The former senior civil servant heading the inquiry and his panel were confronted by an angry group after inviting bereaved relatives to give their views. They were unanimous in condemning the war as illegal.
Sir John Chilcot, who will start to take evidence from witnesses next month, was left in no doubt that the representative sample of the 179 families who lost loved ones in the 2003-09 campaign wanted someone to be called to account.
“I hold Tony Blair personally responsible for the death of my son. There’s a lot of anger here, and I would like Tony Blair to be indicted as a war criminal,” said Deirde Gover. She is the mother of Flight Lieutenant Kristian Gover of the RAF’s 33 Squadron and met Sir John in private at a London hotel, along with 20 other families.
Flight Lieutenant Gover died at the age of 30 when his Puma helicopter crashed in an accident at Basra airport, southern Iraq, on July 19, 2004. Unmarried, he was described after his death as “a very professional and well-respected pilot”.
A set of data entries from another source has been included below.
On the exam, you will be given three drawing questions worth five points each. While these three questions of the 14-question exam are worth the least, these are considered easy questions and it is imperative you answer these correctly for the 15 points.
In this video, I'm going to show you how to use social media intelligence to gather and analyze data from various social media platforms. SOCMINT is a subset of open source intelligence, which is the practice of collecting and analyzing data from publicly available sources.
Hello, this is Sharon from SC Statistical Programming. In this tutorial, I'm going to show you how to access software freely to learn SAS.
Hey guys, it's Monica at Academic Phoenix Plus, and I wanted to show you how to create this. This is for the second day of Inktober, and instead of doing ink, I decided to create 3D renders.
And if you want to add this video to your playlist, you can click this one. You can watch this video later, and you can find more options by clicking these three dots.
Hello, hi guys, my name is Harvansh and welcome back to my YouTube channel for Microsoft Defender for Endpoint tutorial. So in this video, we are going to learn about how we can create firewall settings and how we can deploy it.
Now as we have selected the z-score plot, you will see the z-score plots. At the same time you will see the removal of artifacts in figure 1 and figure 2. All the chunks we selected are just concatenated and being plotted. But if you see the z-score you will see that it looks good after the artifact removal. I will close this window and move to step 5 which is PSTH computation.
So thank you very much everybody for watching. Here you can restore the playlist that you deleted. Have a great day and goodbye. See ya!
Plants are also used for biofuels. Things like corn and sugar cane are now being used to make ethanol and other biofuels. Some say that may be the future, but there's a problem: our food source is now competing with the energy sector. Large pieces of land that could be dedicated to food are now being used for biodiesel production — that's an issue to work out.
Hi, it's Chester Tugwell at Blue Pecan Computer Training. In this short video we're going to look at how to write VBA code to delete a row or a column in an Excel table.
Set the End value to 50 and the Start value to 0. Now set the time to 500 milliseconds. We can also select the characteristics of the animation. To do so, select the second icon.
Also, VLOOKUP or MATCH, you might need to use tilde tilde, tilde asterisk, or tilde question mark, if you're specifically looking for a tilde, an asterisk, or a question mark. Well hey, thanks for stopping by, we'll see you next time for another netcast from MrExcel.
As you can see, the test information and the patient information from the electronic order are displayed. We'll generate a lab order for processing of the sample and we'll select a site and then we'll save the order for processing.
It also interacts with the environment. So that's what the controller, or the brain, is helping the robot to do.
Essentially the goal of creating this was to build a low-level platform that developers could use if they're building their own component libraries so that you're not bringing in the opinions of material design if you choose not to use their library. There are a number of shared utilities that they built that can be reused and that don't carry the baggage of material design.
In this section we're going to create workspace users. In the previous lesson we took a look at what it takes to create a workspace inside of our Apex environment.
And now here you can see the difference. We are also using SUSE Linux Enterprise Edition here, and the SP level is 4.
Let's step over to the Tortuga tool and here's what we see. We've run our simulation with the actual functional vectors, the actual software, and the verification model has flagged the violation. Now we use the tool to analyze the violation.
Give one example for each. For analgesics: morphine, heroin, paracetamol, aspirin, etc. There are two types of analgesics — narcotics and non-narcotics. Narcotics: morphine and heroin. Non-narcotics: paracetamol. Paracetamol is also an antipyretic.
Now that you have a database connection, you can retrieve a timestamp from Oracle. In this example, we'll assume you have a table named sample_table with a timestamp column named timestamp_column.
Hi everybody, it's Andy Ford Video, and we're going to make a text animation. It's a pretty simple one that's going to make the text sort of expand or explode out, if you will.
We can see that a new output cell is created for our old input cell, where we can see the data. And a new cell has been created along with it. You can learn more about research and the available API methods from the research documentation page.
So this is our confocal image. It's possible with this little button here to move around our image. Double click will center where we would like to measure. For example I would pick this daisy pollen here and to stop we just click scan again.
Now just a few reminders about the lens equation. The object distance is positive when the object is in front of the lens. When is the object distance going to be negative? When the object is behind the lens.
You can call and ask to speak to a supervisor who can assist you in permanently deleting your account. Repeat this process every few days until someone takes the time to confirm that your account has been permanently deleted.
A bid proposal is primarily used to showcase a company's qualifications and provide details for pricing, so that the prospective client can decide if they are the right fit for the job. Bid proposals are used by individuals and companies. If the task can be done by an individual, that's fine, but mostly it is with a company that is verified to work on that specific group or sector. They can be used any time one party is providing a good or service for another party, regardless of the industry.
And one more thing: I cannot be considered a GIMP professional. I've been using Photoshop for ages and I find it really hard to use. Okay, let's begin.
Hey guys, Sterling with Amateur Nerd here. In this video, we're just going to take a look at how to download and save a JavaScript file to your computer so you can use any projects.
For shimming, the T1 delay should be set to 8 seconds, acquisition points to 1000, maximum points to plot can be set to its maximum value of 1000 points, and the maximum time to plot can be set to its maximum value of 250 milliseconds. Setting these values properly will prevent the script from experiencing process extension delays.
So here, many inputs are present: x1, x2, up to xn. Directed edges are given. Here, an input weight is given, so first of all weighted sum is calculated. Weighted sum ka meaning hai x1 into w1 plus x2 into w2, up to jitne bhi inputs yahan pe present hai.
“I’d like someone to apportion blame for what happened in Iraq. Tony Blair lied to his Cabinet, he lied to the Government, he lied to the country. He deceived the country about Iraq’s weapons of mass destruction because he had an agenda with [President] George Bush,” Mrs Gover, 63, who lives in Paris, said.
She went up to Mr Blair at the Guildhall in London after the Iraq memorial service last week. “I told him he was responsible for killing my son and he replied, ‘Let’s discuss this’. I couldn’t talk to him. He said, ‘What about Saddam Hussein’, and I thought, ‘What about Robert Mugabe?’,” she said.
Sir John, more used to the language of Whitehall, was said to have been taken aback by the force of the statements, which came not just from Mrs Gover but from the majority of the families present in the room at the Thistle Westminster Hotel in Victoria.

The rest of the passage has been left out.